Given data —
-.-.-

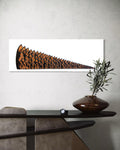 Penguin Wall Panel (L) - Gold & Copper Leaf by Art of Protest Gallery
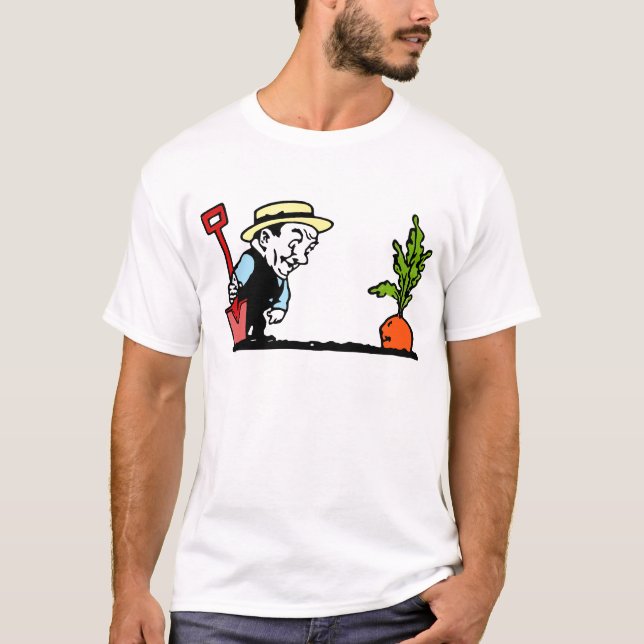 Camiseta Jardinero con la zanahoria (Anverso)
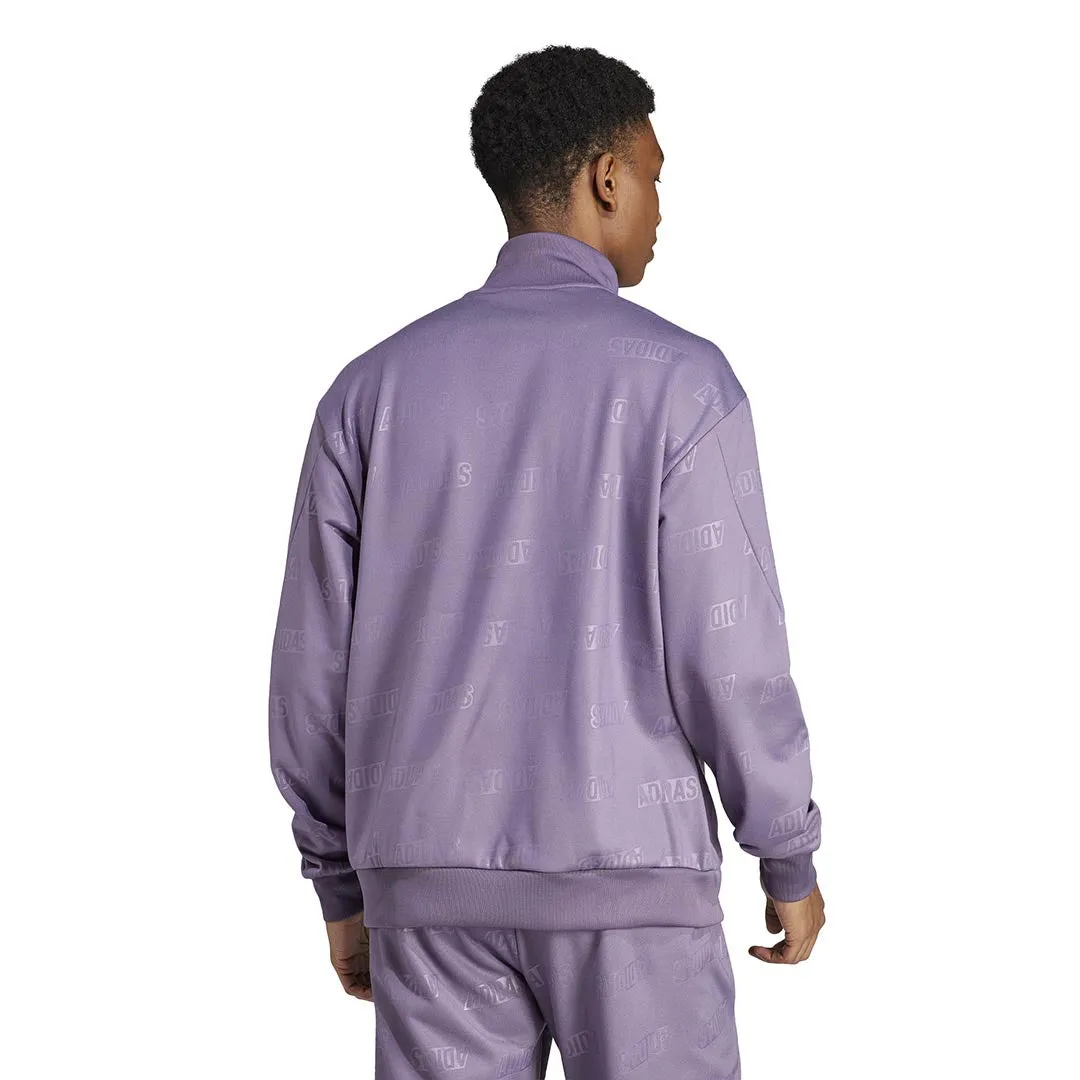 adidas - Sweat à capuche quart de zip pour homme avec motif en relief (IJ6441)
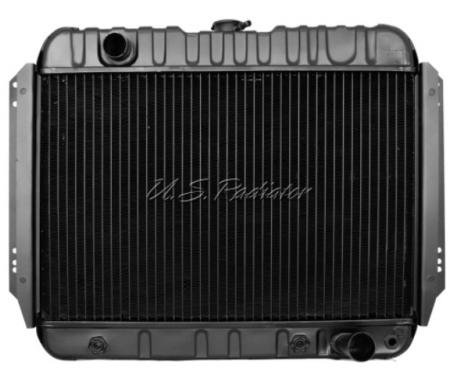 Full Size Chevy Radiator, Small Block with Air Conditioning, U.S. Radiator, 1967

-.-.-

Directions —
Without including any picture, reproduce all of the material exactly.

Result of this exercise —
 Penguin Wall Panel (L) - Gold & Copper Leaf by Art of Protest Gallery
 Camiseta Jardinero con la zanahoria (Anverso)
 adidas - Sweat à capuche quart de zip pour homme avec motif en relief (IJ6441)
 Full Size Chevy Radiator, Small Block with Air Conditioning, U.S. Radiator, 1967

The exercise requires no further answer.